TRUMP AND THE MORGAN LEWIS MESS

On January 11, 2017, Sheri Dillon and Fred Fielding sullied themselves and imperiled the reputation of their firm, Morgan, Lewis & Bockius. They shilled for a plainly insufficient plan to deal with Donald Trump’s massive business conflicts of interest. In doing so, they traversed far beyond the principle that an attorney should advocate zealously on a client’s behalf. I predicted that Dillon, Fielding, and the firm would regret their roles in the charade. If they haven’t seen the light by now, they never will.

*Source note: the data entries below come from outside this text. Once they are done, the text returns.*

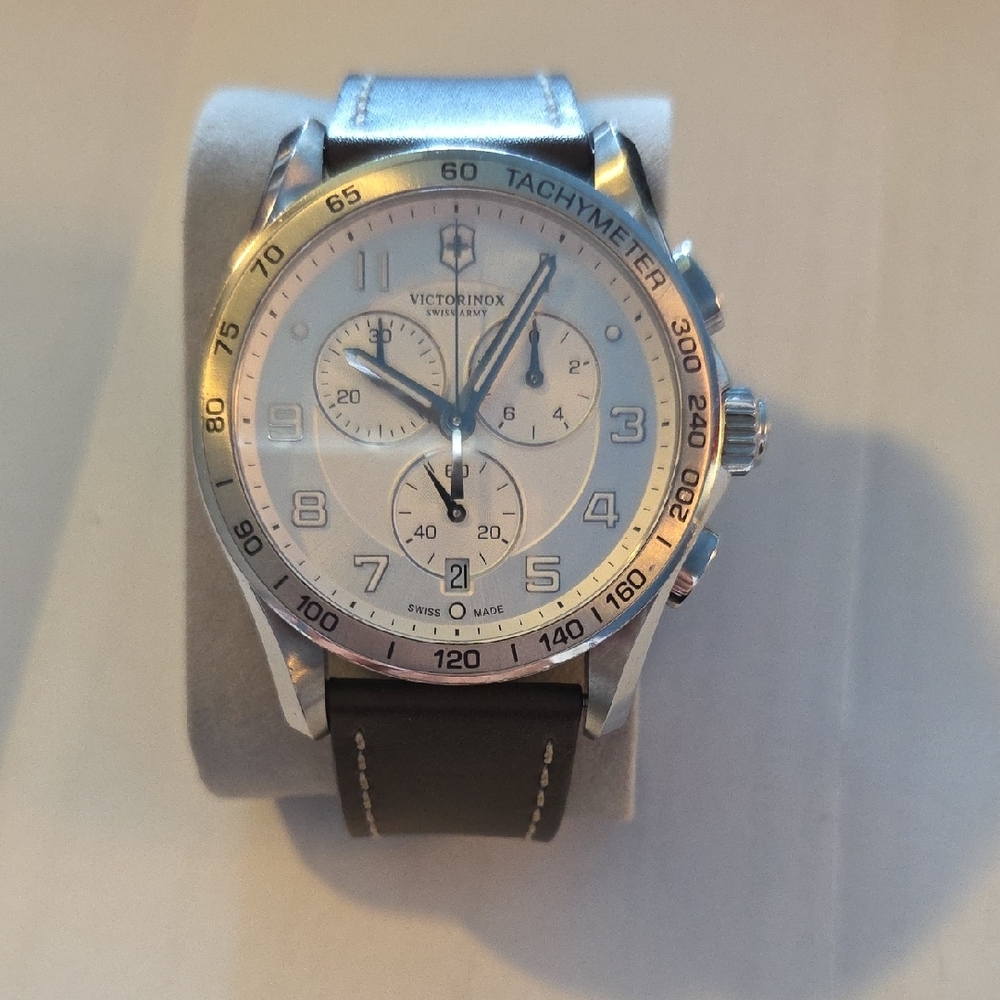 Victorinox Silver Dial Black Strap Watch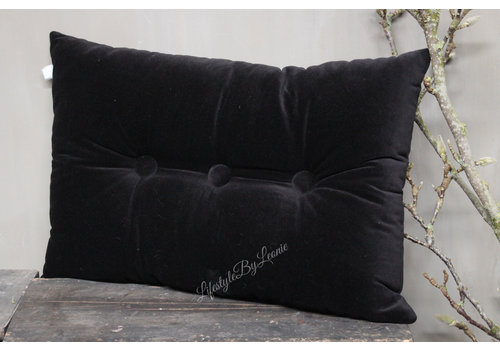 Velvet kussen met knopen black 60 cm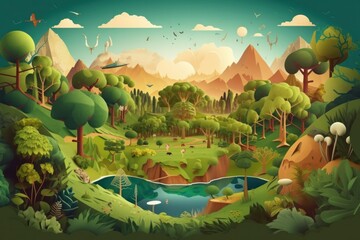 Naklejka premium Illustration of Cityscape and Forest on Earth Day with Children Playing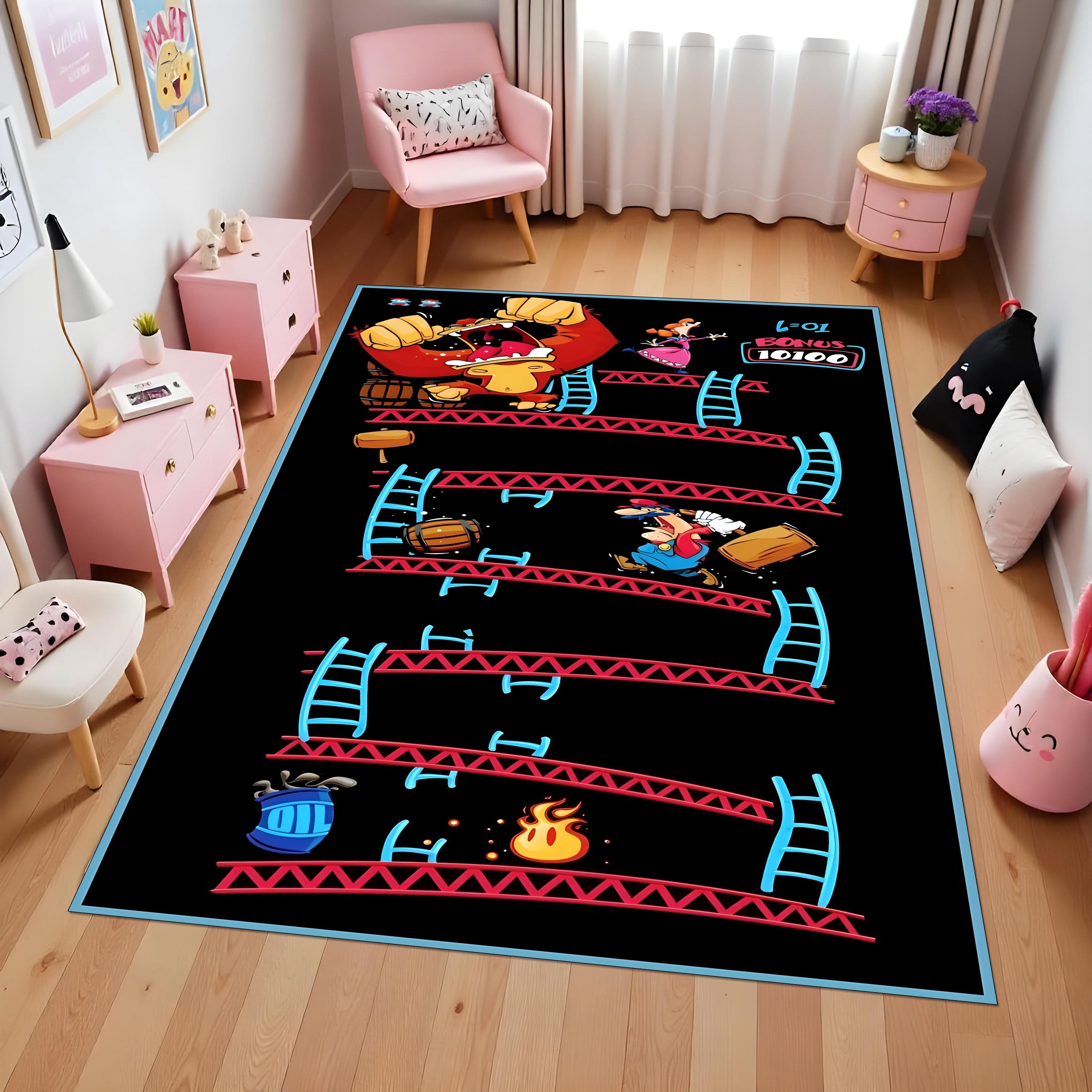 Retro Donkey Kong Rug, Arcade Video Game Rug, Colorful Rug for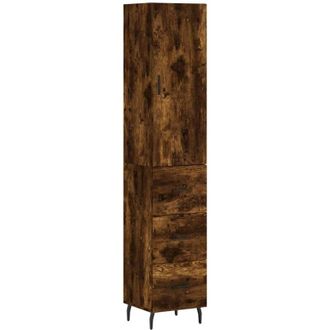 vidaXL Aparador De Madera Contrachapada Roble Ahumado 34,5x34x180 Cm Vidaxl
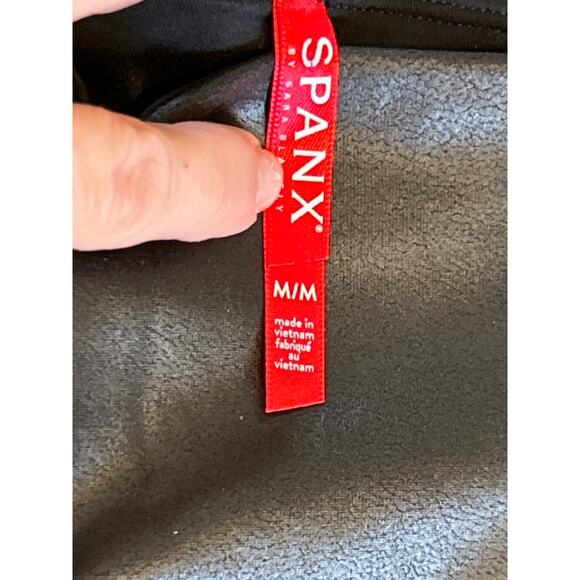 Spanx Faux Leather White Side Stripe Leggings - Picture 4 of 7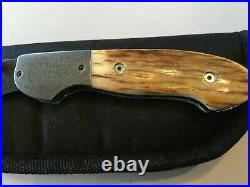 Custom Michael Allen Whiskers Damascus Lockback Folder Folding Knife
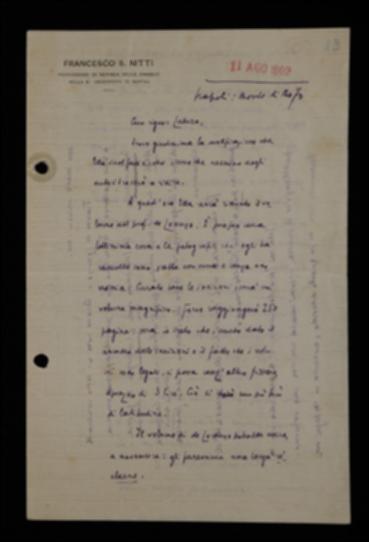 Nella lettera, Francesco Saverio Nitti manifesta a Laterza il suo entusiasmo per la qualità del volume di De Lorenzo e avvisa che seguiranno a breve altri volumi. Ribadisce all'editore di pubblicare non molto, ma di elevata qualità e precisa che lui al momento non può fornire materiale.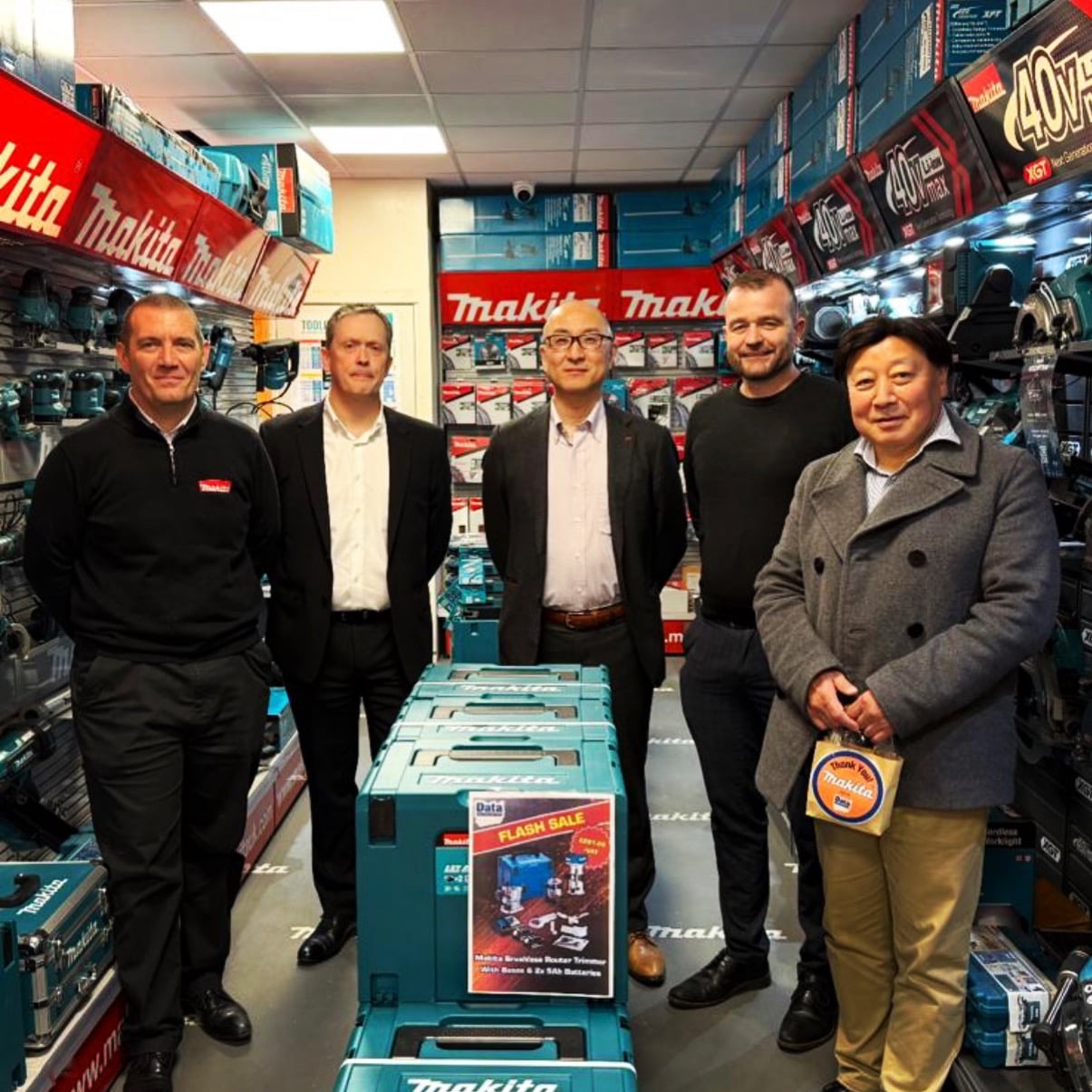 Makita leadership team visiting the Data Powertools Cardiff store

Lawyers Without Boundaries; Clients Without Shame

When it comes to dealing with Trump, ignorance of his tendencies affords his attorneys no excuse. Throughout his life, he has destroyed reputations whenever it helped him fulfill an agenda item of the moment. Once his allies outlive their usefulness — or whenever Trump needs a scapegoat — they become expendable. Remember the rumors about cabinet positions for Chris Christie, Rudy Giuliani, and Newt Gingrich? And how quickly Mike Flynn went from loyal patriot to dishonest traitor!

Trump’s January 11, 2017 press conference made for great theater as he claimed yet another victim. “President-elect Trump wants there to be no doubt in the minds of the American public that he is completely isolating himself from his business interests,” Dillon explained amid a mountain of paper. Some of the documents appeared to be blank and some of the folders lacked labels. Substantively, attorneys knew immediately that the Dillon/Fielding/Morgan Lewis plan was a joke. Every day, it becomes less humorous.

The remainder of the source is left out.